February 10, 2014Print : Sports
SOCHI, Russia: Irene Wust upset defending champion Martina Sablikova of the Czech Republic to win the women’s 3,000 metre Olympic title on Sunday and hand the Dutch their second speedskating gold of the Sochi Games.
Wust clocked four minutes, 0.34 seconds over the seven-and-a-half laps at the Adler Arena in the 13th of 14 heats to eclipse the previous best mark set by Sablikova by 1.6 seconds.
Olga Graf, skating in the 10th heat and roared on by a passionate home crowd, finished a surprise third with a time of 4:03.47 to give hosts Russia their first medal of the Sochi Games.
Graf punched the air in delight upon realising her time but her expression turned to slight embarrassment shortly after as she unzipped her suit to the waist before suddenly realising and grabbing the zip edges to protect her modesty.
That mark was first beaten by Sablikova, wearing eye catching gold blades, and the slight Czech threw her hands in the air upon crossing the line with a strong finish.
Snowboarder Jenny Jones secured Britain’s first-ever Olympic medal on snow on Sunday when the 33-year-old took bronze in a nerve-shredding slopestyle final.
“It’s ridiculous! That’s me! That’s me! From Bristol!,” a jubilant Jones told reporters when informed of her feat.
American Jamie Anderson took gold with a mighty 95.25 with Finland’s Enni Rukajarvi was second on 92.50 but nobody else was able to dislodge Jones from her podium spot.
The British bronze medal winner’s snowboarding odyssey has taken her from an inauspicious start on a dry slope in Churchill to an Olympic podium finish.
“I started snowboarding when I was about 16, 17, at Churchill Dry Slope. I had my first half-hour lesson with my brothers,” she told a news conference.

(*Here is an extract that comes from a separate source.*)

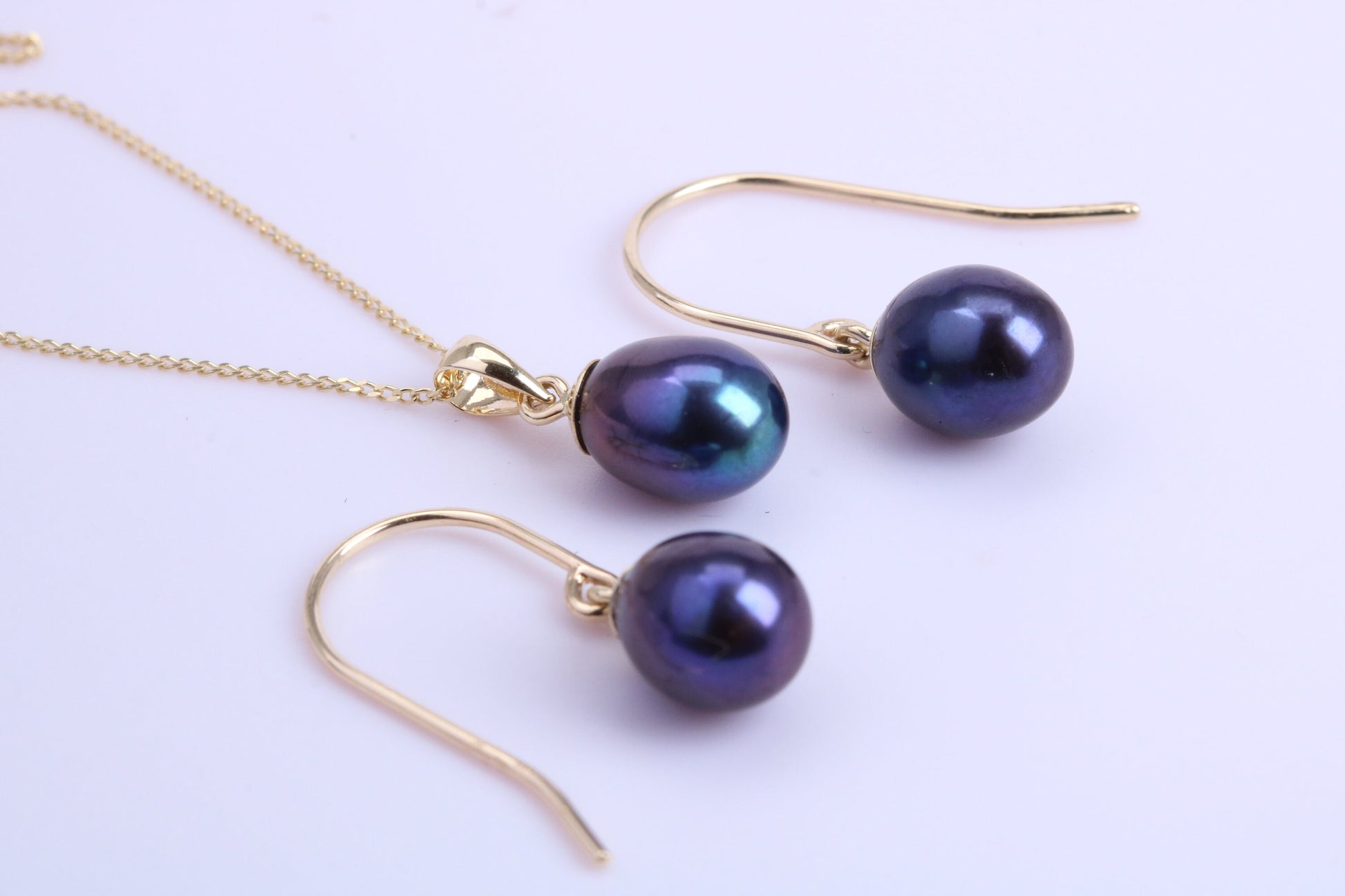 Teardrop Pearl Necklace and Matching Earrings set in Solid Yellow Gold Together with 18 Inch Yellow Gold Chain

“I didn’t learn much but I enjoyed it. I decided to go and work as a chalet maid so that I could snowboard more often.”
In a tense final full of thrills and spills — including a helmet cracked in a heavy crash by Czech Sarka Pancochova — Jones, second on the start list, made a beautifully clean second run to move into the lead with a score of 87.25.
She then faced an agonising wait as she watched the next 10 competitors try to take it away from her.
“It was so difficult waiting. I thought I did my best run and landed it as best as I could,” she said.
All Britain’s previous Winter Olympic medals have come in events such as figure skating, bobsleigh and skeleton. Alain Baxter did win a bronze in the men’s slalom in the 2002 Games but he was stripped of the medal for a doping offence.
Switzerland’s Dario Cologna picked the perfect time to rediscover his fitness and form as he surged to victory in a protest-hit cross-country skiathlon.
Cologna, who earlier this week was still walking with a splint on an injured right ankle, attacked with less than a kilometre left in the 30km race to finish ahead of Swede Marcus Hellner.
Norway’s overall World Cup leader Martin Johnsrud Sundby pipped Russian Maxim Vylegzhanin in a scramble on the line for bronze, prompting the Russian team to file a protest against the result, claiming that Sundby has cut across his opponent.
The protest was rejected but the International Ski Federation (FIS) said in a statement that Sundby had been given “a written reprimand for a corridor rules infraction”.
“I was tired by the end of the race and I had fog in my glasses,” the Norwegian told a news conference.
“Maybe I left my line a little bit but I don’t think it changed anything. I’m sorry about that.”
Russia, however, are likely to appeal the decision.
“The Russian Olympic Committee wants to appeal before the Court of Arbitration for Sport,” Russian ski federation president Elena Vyalbe said in a statement on the Russian Olympic team website.
Cologna, the 15km freestyle Vancouver Olympics champion, sustained an ankle injury while jogging just before the season started and returned to the World Cup circuit last weekend.